By Mulengera Reporters
A story on the state-owned The New Times website clearly shows Rwandans are angry with their long-time ally Andrew Mwenda and equally so with Eng Winnie Byanyima, the wife of opposition veteran leader Col Kizza Besigye. Like in the case of Mwenda, Rwandans accuse the Oxfam boss of losing courage to criticize President Museveni’s mismanagement of the Rwandan question.

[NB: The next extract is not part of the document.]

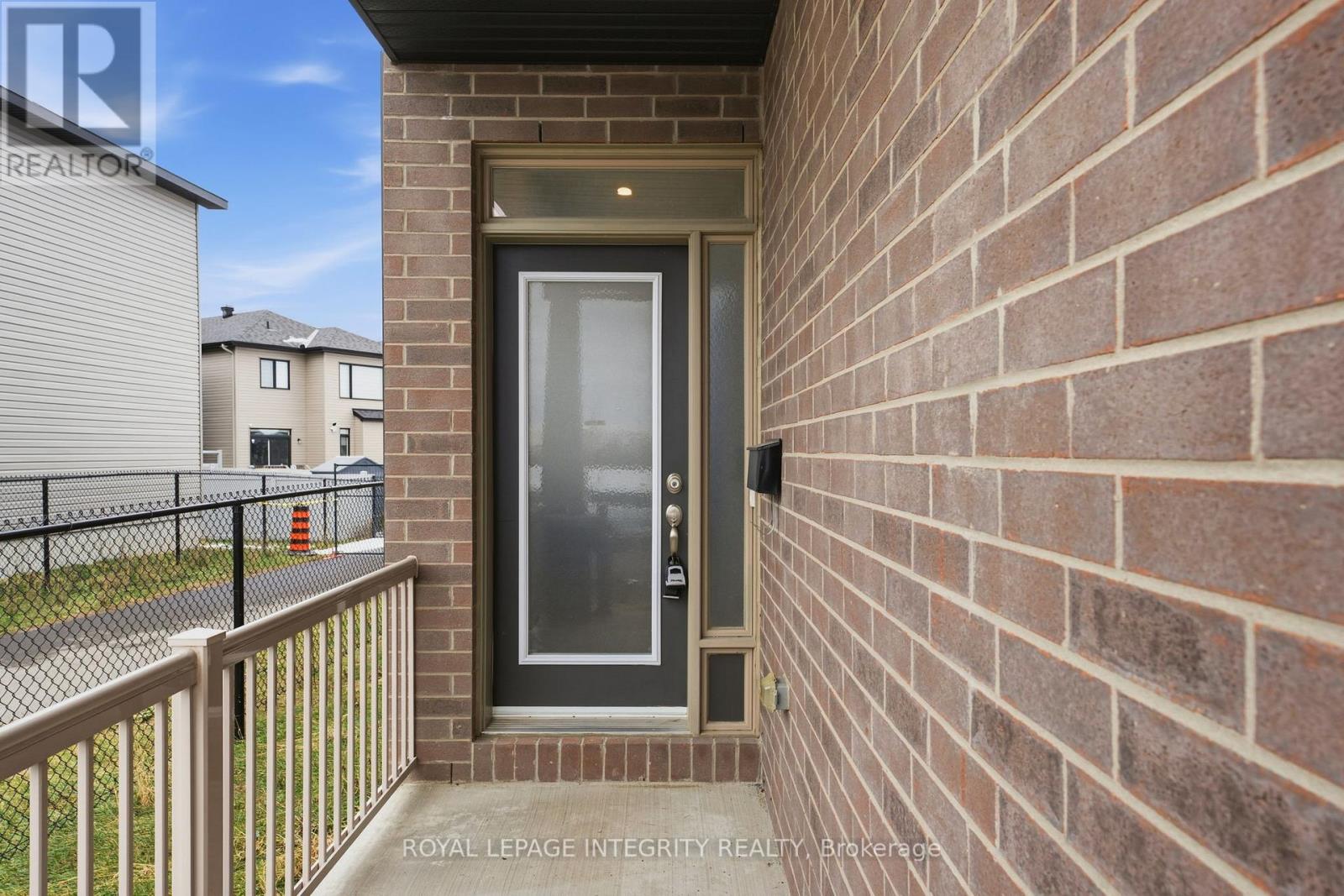 352 Monticello Avenue, Ottawa, Ontario  K2S 2S5 - Photo 5 - X12967600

Titled “Uganda-Rwanda Crisis: Andrew Mwenda can no longer feign neutrality,” the story (bearing the email contact of the editor) protests the substance carried in Mwenda’s last week piece in his “The Last Word” column under his Independent news magazine. In the 1000 word story (titled Uganda & Rwanda’s slippery slope), Mwenda gave his views on the ever-escalating animosity between Kampala and Kigali. He concluded that the two Presidents are equally culpable.
It was a cautious piece in which sought to please the two belligerents but (as we now know) has ended up appeasing none because even in Uganda, there are many who felt he wasn’t adequately hard on Kigali.

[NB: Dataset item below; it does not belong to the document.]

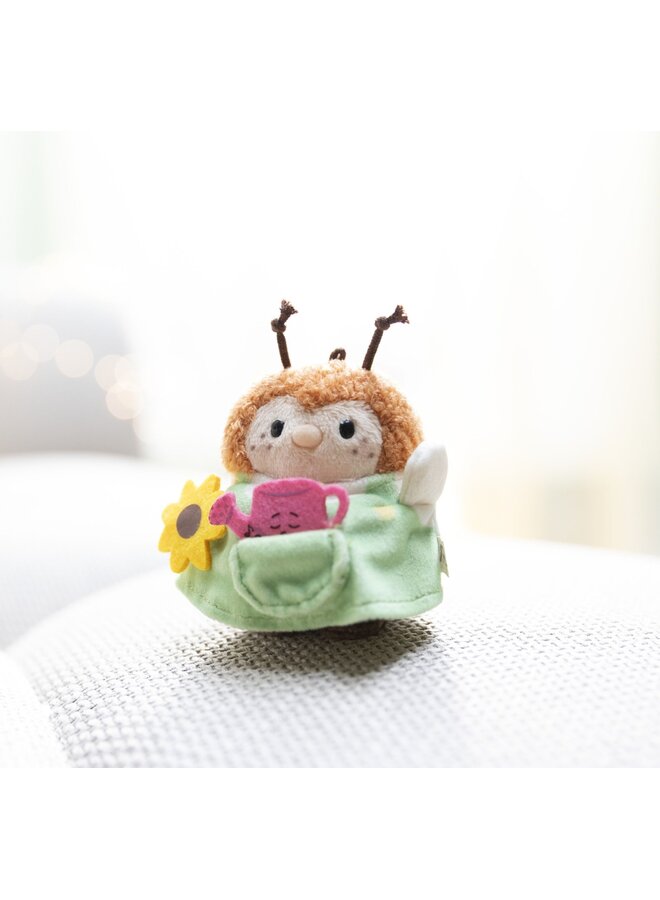 NICI - Mymochi set - Bumblebee Hadshi with gardener costume (Hobby edition)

The story focused on the growing inevitability of military confrontation between the two countries and justification for this Mwenda conclusion was that the recent killing of two people by Rwandans on the Ugandan side of the border made Kampala justified to prepare for even worse. Mwenda’s argument was that the danger with such incidences (minor as they might be) is that both sides begin acting in anxiety and fear increasing the likelihood of one acting or ordering an action and regret later when better facts emerge.
In their The New Times missive, the Rwandans argue that Mwenda knows much more regarding the aggressiveness and indifference with which Kampala has always responded to their concerns. That there are long term grievances, over which Kampala has control, which have caused deterioration of relations to where they are now than the last week border incidence. They are angry Mwenda appeared as if he has already forgotten these very things he previously wrote about very eloquently.

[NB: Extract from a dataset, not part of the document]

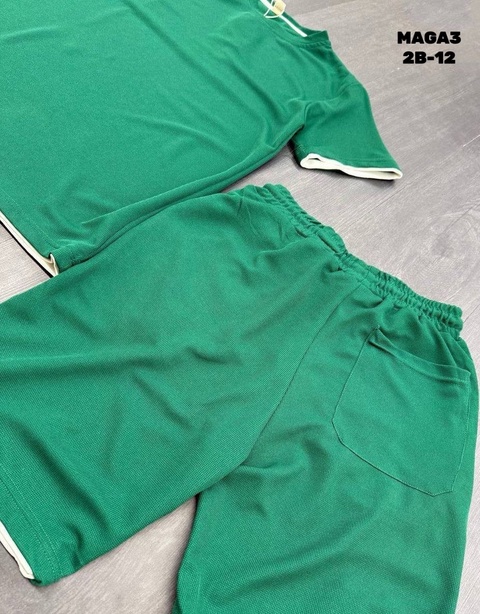 Спортивный костюм 22904234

Their view is Mwenda should have dwelt more on those like he did in an earlier opinion piece on the Uganda-Rwanda conflict his magazine published last year. The Rwandans wonder what has made Mwenda forget about his earlier well-articulated views in which he showed the 10 Rwandan grievances which Kampala hadn’t satisfactorily responded to. They fall short of accusing Kampala of being the invisible hand behind Mwenda’s latest missive.
It’s clear from their missive that Rwandans feel betrayed Mwenda knows much more than he disclosed in his impugned article. They write him off as one who no longer has the moral authority to claim being a neutral arbiter or observer in the Kampala-Kigali rift. The Rwandans also claim Mwenda suffers from “selective amnesia.”
Bylined Gerald Mbanda, the article condemns Mwenda for losing courage with which he used to speak against Uganda’s aggressive acts towards Rwanda. They liken Mwenda to Winnie Byanyima who they praise for criticizing Museveni on the Rwanda question in 2001 but has since made a U-turn. They express resentment at Byanyima’s recent utterances which were critical of Kigali regarding the latest fallout. They article
“The loss of courage by Andrew Mwenda and Winnie Byanyima to name things as they actually are is the real tragedy here not the specious prediction of an alleged inevitability of war. This is nowhere on the cards,” the article concludes. It’s just the latest in a series of many articles the Rwandan media has been outing criticizing officials on the Ugandan side.